I keep thinking I have come up with the perfect function to tackle my problem, but I eventually find something that breaks it for no apparent reason. I don't fully understand how htmlentities / htmlspecialchars works, or what exactly they convert, so I suppose that would help...

I have a mixture of old and new databases, and user-input

    • Old databases sometimes characters are encoded with htmlentities() inside the data
    • Old databases occasionally contain HTML within content (need stripping)
    • New databases characters are not encoded before insertion
    • User input could include nasty <script> or &lt;script&gt; &amp;lt;script/&amp;gt;
    • New databases characters are not encoded before insertion

I am trying to create a catch-all function that will make each case (#1 and #2) both safe, and visually appealing

function html_enc($text){
  while($text!==html_entity_decode($text,ENT_HTML5,'UTF-8')){
    $text=html_entity_decode($text,ENT_HTML5,'UTF-8');
  }
  $text=strip_tags($text);
  $text=htmlentities($text,ENT_HTML5,'UTF-8');
  return $text;
}

I thought I had nailed point #1 it with this function, but when I used it on a pagetitle, it had double quotes in the title, and the page is spitting out &quot; instead of ", but the rest of the page is displaying "... I don't understand why the <title> element would be different to the normal body... Does anyone know how to solve this small issue? Or suggestion of a better function / improvement?
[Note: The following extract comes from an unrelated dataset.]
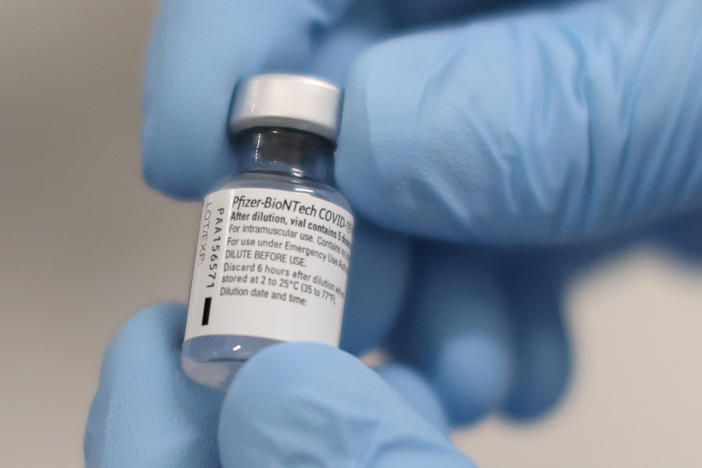 A vial of the COVID-19 vaccine developed by Pfizer and BioNTech that was used at the Royal Victoria Hospital in Belfast, U.K., on Tuesday.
For point #2 this also seems to be the best solution - I haven't broken this function yet with user input, and standard display on a page / in a textarea

Also on a side note, but in the interest of security; my code is assuming that user input is UTF-8 posted in HTML forms, all of my pages are specified

<head>
<meta charset="UTF-8"/>
<meta http-equiv="Content-Type" content="text/html; charset=utf-8" />

Is it possible for a user to submit a different encoding? I would imagine it is, and how would this affect my functions? Is it possible to catch this?


By specifying ENT_HTML5 you've lost the default flags ENT_QUOTES | ENT_SUBSTITUTE | ENT_HTML401, so quotes are not being decoded.

You'll need ENT_QUOTES | ENT_SUBSTITUTE | ENT_HTML5 or ENT_QUOTES | ENT_HTML5.